ST. PETERSBURG, Fla. — There is a woodworker in St. Pete who is celebrating a major milestone. He’s been making handmade violins for the past 50 years.
Just like snowflakes, no violin made by Peter White is exactly the same.
“They’re my children and they go off and they have their own lives,” said White. “It’s kind of hard to let them go, you spent all that time with them, you suffered over them, all the tedious intricate work.”
It takes White about two months to construct one violin. In the past 50 years, he’s made 260 of them.
“There are violin players everywhere from Hawaii to St. Petersburg to Russia who play on my violins,” said White.
White’s imagination for the instrument dates back to when he was a kid. It led him to Poland in the early 1980s. Despite being the height of the Cold War, he wanted to learn from some of the best.

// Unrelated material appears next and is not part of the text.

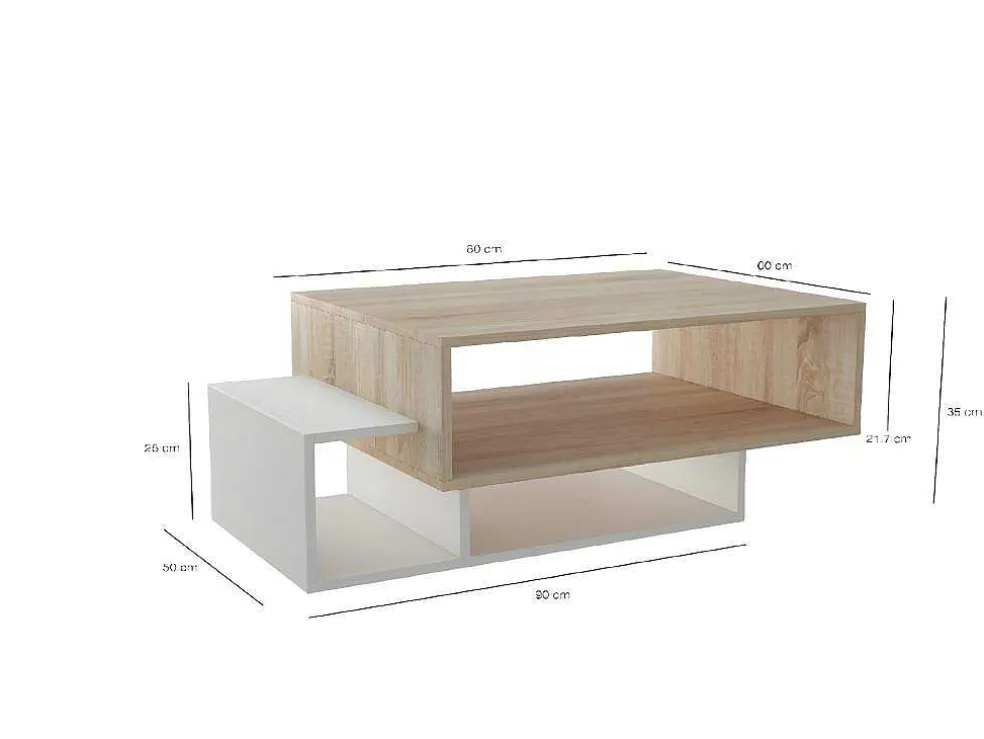 Gemini Koffietafel, Wit, Sonoma, 100X60X35 Cm, Epikasa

“I was followed by the underground police in Poland until they found out I was just a violin maker,” said White.
White went on to teach violin making at the University of New Mexico to Hispanic and Native American students.
“And I took about 10 of those students to Cremona, Italy, for the Stradivari International Competition,” said White. “We had a great time, we performed some of the melodies from the mountains of New Mexico.”
In 2015, he retired from the university to concentrate on violin making full-time in Florida.
“There is no ocean in New Mexico,” joked White.
Seven days a week you can find White inside his Creative 400 Studio.
“I love what I do, I have a great passion for it, I love working with my hands,” said White.
If history is any indicator, he believes he still has plenty of years to go.
“Stradivari was working at age 92 when he died, and he was still working,” said White.
The only thing White is lacking is an apprentice to play second fiddle.
“If you go to violin making school it’s $40,000 a year, so you can come and work with me for free, it’s not a bad deal,” said White.